On becoming a pitcher:
I came here as an outfielder. One of our pitchers got hurt, and I was messing around one day throwing to people in the outfield. Our pitching coach said I had a great arm. He had me pitch off the mound. It was pretty good, and he was like, “Dang, can you do it again?” I did, and he said, “Hold on, I’ll be right back.” He came back with a radar gun. I threw it, and he said it was 94 mph. He said, “Do it again.” I threw it 95 mph, and he was like, “…You don’t need a bat anymore.” It was a bittersweet feeling at the time. I hated him for a solid couple of months and loved him after that.
On playing minor-league baseball:
It was a lot of bed bugs and 12-hour bus rides. No joke, I have been in beds where I can see there are blood stains. It’s super tough. No matter what you do, there is always going to be someone trying to take your job. It’s hard to put on a positive attitude when everyone is working toward the same job. Everything we had here at UCR was better than my first couple seasons of minor-league baseball. Travel, food, equipment was better. All that makes everything worth it if you make it to the big leagues.
On his favorite moment at UCR:
On the field, it was the first year — UC Irvine in the last week. We had a lead in the Big West, and all we had to do was not get swept, not lose three games in a row. We were about to lose the Big West if we lost. At the time, I didn’t know how big it was. I threw the final pitch to beat Irvine and that was probably my favorite baseball moment.
On being back at UCR:
I love this school. I met my wife here. I don’t get back as much as I would want because life is busy, but I have so many great memories here. I love still being a part of the Inland Empire. Last week, I came back and helped some guys with some pitching stuff, so I like teaching in that manner. Eventually, I want to graduate.

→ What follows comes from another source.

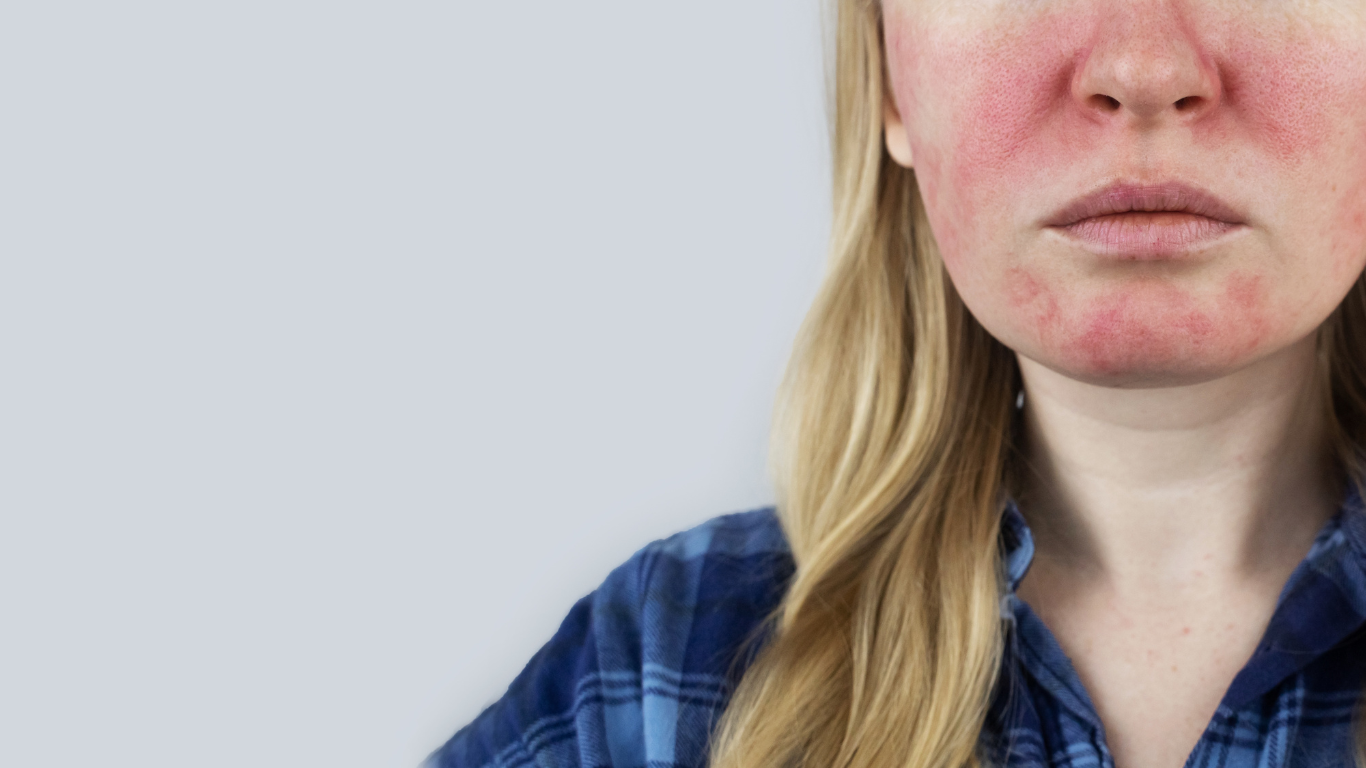 Rosacea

On the pressure of being a relief pitcher:
It’s way easier being a starter because when I come in and I give up the runs they don’t go on my stats — no, I’m joking. I love it because there’s nothing planned. It’s so random, especially in the playoffs. I perform better with less time to think. If I start getting in my head, it’s worse, so getting thrown in with bases loaded without any time to warm up, it’s exactly what I was made for. I guess I had more pressure and anxiety when I had four days of doing nothing and then pitching the fifth day and game planning.
On Boston’s success last season:
We had a talented team obviously, but it goes beyond that. There was accountability. On a professional sports level, it’s hard to make everyone play as hard as you want them to play. It’s hard getting everyone pulling in the same direction when you’re at that level. (Last) year was different. When someone makes a bad play, when guys aren’t pulling in the right direction, it’s easy to be like, so what? We lost. We didn’t need team meetings. We never got to that moment, and I think that was probably the step that we needed and were missing the years before. We wanted it a little bit more than every team, and we didn’t have to be told that. We wanted it for each other.
On playing in the World Series:
The World Series was one of the most peaceful times in my sporting life. It’s weird to say, but it was like playing “Fortnite” with your buddies or basketball at the rec. It had that feeling of passion and fun. I was so close to my teammates, and at the biggest moment, for some reason, it just clicked. We played freely without understanding how big of a stage it was. The series before I felt the pressure. But in the World Series it was like a sandlot game, and you could see it on all our faces. I was just enjoying the moment. I think that was my favorite part.